The bureau does not typically host readings on weekdays, but considering the urgency of Tuesday night’s event, they made an exception. Exiled Iranian poet Emadi was to read from his first book in English translation, “Standing on Earth,” published by Los Angeles’ Phoneme Media. Following President Trump’s executive order barring citizens of several Muslim-majority countries from entering the U.S., Emadi, who departs on Friday, will not be permitted to return.

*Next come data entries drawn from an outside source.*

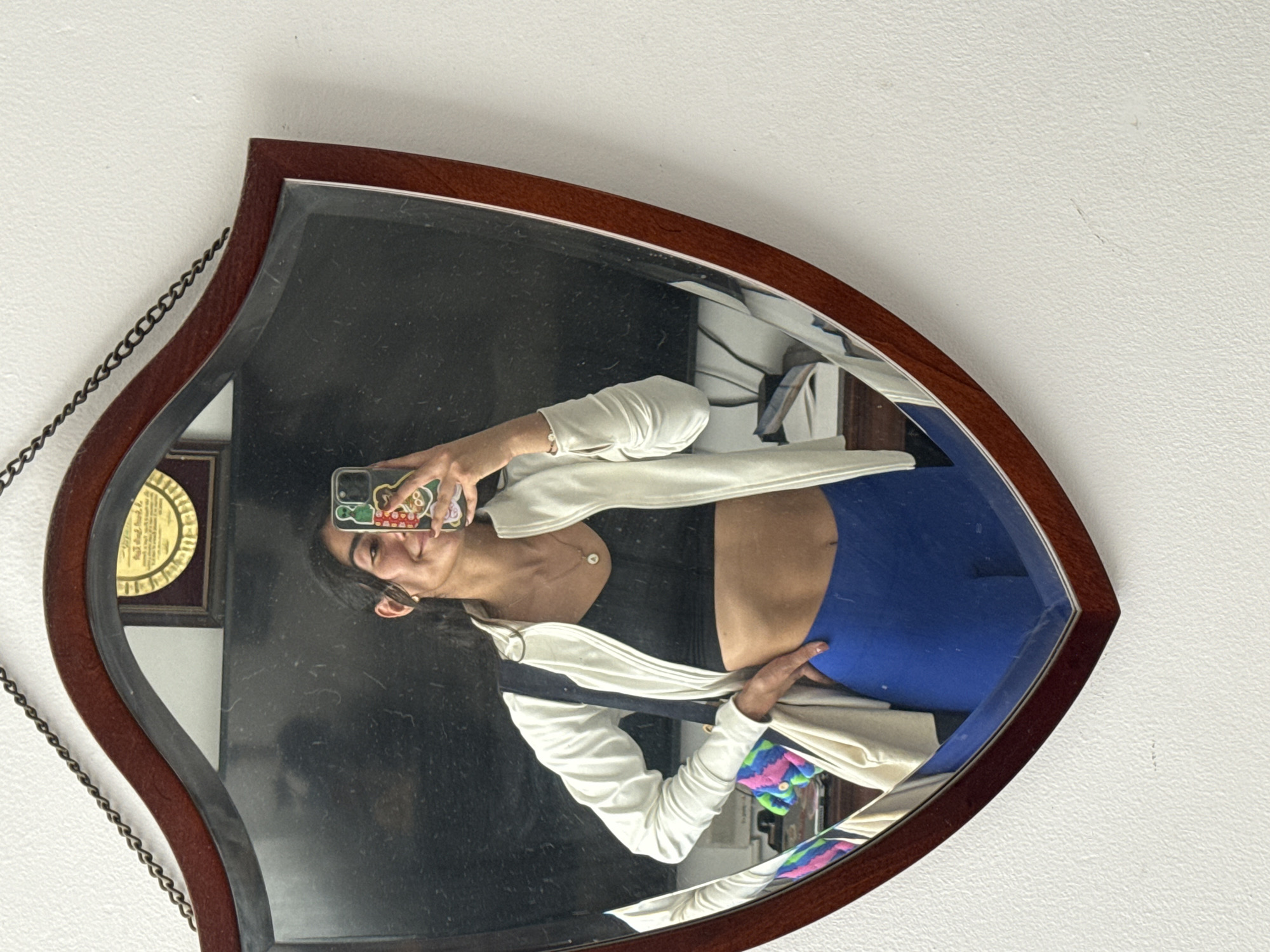 A young woman is captured in a mirror selfie, reflecting in a distinctive leaf-shaped mirror with a dark wooden frame and a hanging metal chain, set against a white, textured wall. She holds her phone, which has a colorful, patterned case, to take the picture. The woman has dark hair, a slight, relaxed smile, and is looking directly at her phone's camera.
She is wearing a light-colored, possibly off-white, long-sleeved top or jacket over a dark top or bra, with blue bottoms. A delicate necklace with a small, light-colored pendant adorns her neck, and a subtle bracelet is visible on her right wrist.
The reflection within the mirror shows glimpses of the surrounding indoor environment. To the left, behind her head, a framed, circular item resembling a medal or plaque is partially visible. In the lower right corner of the mirror's reflection, colorful patterned fabric can be seen. The mirror surface appears slightly dusty. The scene depicts a casual, everyday moment in an indoor setting, likely in Puebla, Mexico, as provided by the location context. No clear text is legible on the phone case or the framed item in the reflection.
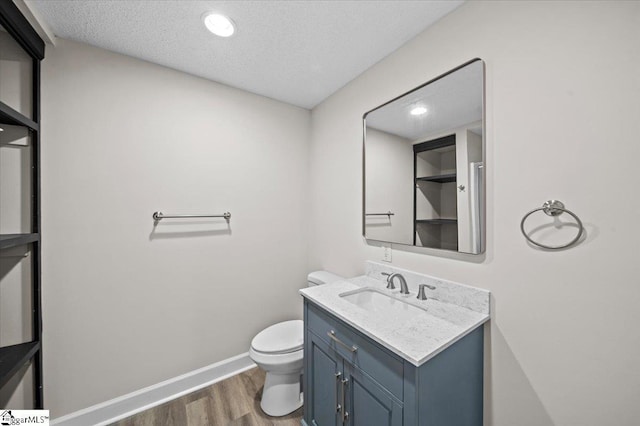 bathroom with a textured ceiling, vanity, toilet, wood finished floors, and baseboards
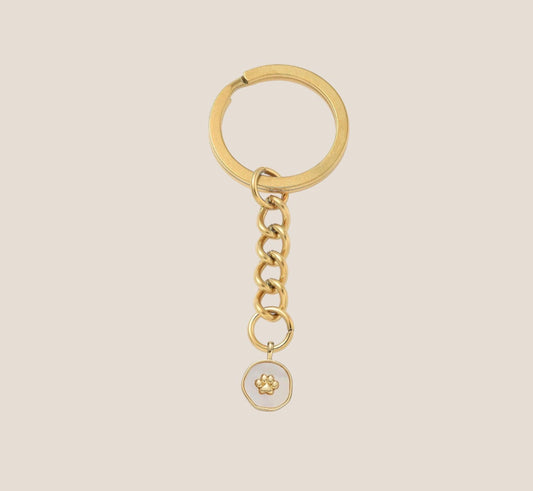 IBC X PAWS white pendant keychain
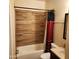 The renovated bathroom features a bathtub, shower and wood look tile at 1126 W Elliot Rd # 1058, Chandler, AZ 85224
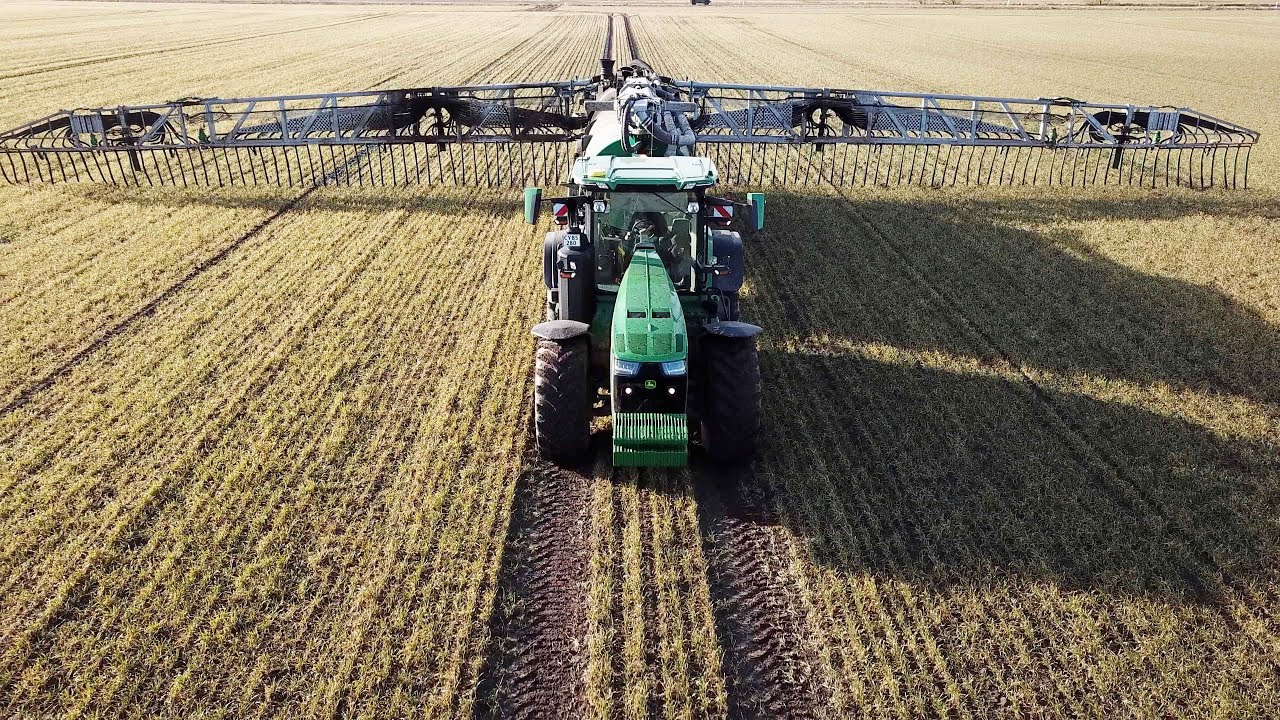 John Deere 8R 370 in field laying manure w/ Samson PG35 & PG31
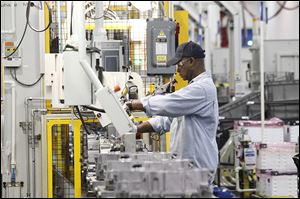 GM employees work at Powertrain. GM said the plant produced its 2.5 millionth six-speed front-wheel drive transmission last week.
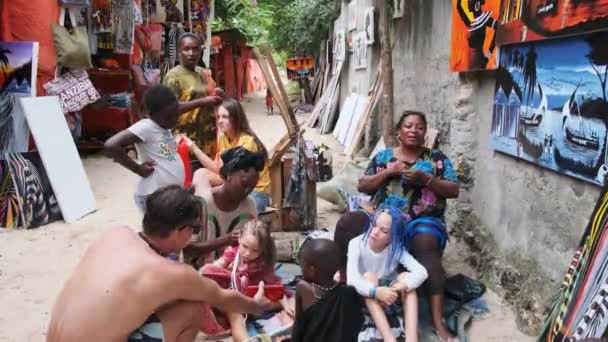 Afrikanska kvinnor väva afrikanska flätor till turister utomhus, Zanzibar Afrika — Stockvideo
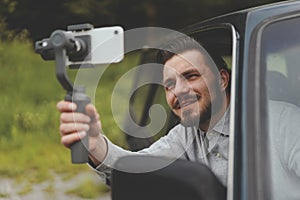 Portrait of successful man recording video at smartphone with steadycam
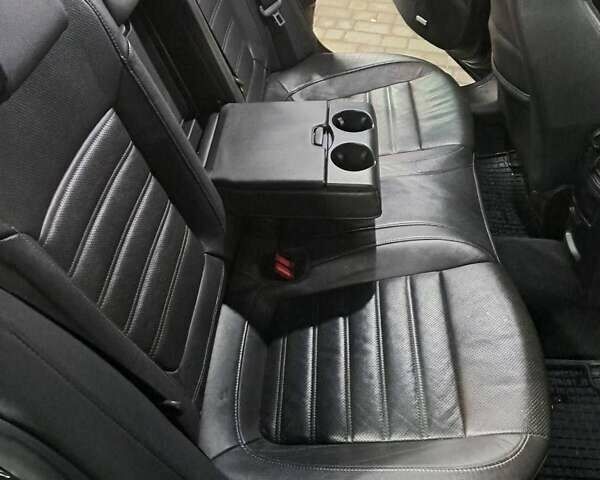 Черный Опель Инсигния, объемом двигателя 2 л и пробегом 350 тыс. км за 7999 $, фото 1 на Automoto.ua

The bureau’s plastic cream-and-orange seating, like the chairs of a high school classroom, fill quickly: Soon it’s standing room only, and soon after that attendees spill onto the street. One wall of the room serves as a chalkboard: smudged notes from what looks like an American history lesson — definitions of “scalawag” and “carpetbagger” and a Civil War timeline — are half-erased. The space also houses a tiny library. (I notice an incomplete collection of the journal “Critical Inquiry”).
David Shook, Phoneme’s founding editor, sets up a card table with Phoneme’s books for sale; it publishes poetry in translation. Shook, with a waxed handlebar mustache, is unmistakable; introducing the reading, he stands before us in huaraches and tweed.
Shook opens with a kind of epigraph, a stanza from Langston Hughes’ “Let America Be America Again,” throwing Trump’s “Make America Great Again” slogan some poetic shade. Emadi, who has been in exile from Iran for eight years and now lives in Mexico, gives the reading his own preface.“Resistance is the only thing we have,” he says. “It’s not a question of hope…. Hope sometimes doesn’t work. Our daily life gets to have meaning from our resistance.”
Emadi reads each poem in Persian, after which Shook reads the English translation. As a listener, you discover quickly that longing and nostalgia sound the same in any language, but far from being repetitive, this two-part structure seems an ideal way to experience a poetry reading: The first performance gives the audience an opportunity to listen for the pleasure of the language alone, for the texture and musicality, while only on a second pass does metaphor and meaning begin to consciously sink in.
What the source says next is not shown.